WORK ITEM: Your task is to restate word for word the lines of the listing below that start at the one containing "Wheel Bearing Kit 43-29024-SX" and run to the end; please add nothing.

##### RECORD EXCERPTS #####

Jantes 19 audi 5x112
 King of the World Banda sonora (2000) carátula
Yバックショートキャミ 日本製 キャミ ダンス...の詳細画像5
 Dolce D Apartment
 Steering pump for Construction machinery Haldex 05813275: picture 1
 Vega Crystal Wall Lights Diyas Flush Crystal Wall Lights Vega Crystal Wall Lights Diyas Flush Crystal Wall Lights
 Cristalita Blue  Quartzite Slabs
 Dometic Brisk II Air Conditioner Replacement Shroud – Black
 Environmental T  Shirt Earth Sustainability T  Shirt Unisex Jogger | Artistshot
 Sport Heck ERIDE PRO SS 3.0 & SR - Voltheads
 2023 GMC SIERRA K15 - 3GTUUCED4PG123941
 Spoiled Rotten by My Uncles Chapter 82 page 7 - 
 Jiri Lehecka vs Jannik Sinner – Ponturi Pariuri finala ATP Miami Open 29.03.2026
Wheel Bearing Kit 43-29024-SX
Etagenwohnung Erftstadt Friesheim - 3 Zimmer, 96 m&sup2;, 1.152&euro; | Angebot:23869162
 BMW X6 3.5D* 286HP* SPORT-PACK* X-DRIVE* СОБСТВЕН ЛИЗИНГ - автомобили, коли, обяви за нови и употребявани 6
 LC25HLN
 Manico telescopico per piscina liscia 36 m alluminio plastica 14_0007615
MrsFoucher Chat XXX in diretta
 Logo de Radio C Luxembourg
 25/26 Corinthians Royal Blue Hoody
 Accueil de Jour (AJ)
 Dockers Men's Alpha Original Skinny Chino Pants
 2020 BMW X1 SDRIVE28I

#####

YOUR RESPONSE:
Wheel Bearing Kit 43-29024-SX
Etagenwohnung Erftstadt Friesheim - 3 Zimmer, 96 m&sup2;, 1.152&euro; | Angebot:23869162
 BMW X6 3.5D* 286HP* SPORT-PACK* X-DRIVE* СОБСТВЕН ЛИЗИНГ - автомобили, коли, обяви за нови и употребявани 6
 LC25HLN
 Manico telescopico per piscina liscia 36 m alluminio plastica 14_0007615
MrsFoucher Chat XXX in diretta
 Logo de Radio C Luxembourg
 25/26 Corinthians Royal Blue Hoody
 Accueil de Jour (AJ)
 Dockers Men's Alpha Original Skinny Chino Pants
 2020 BMW X1 SDRIVE28I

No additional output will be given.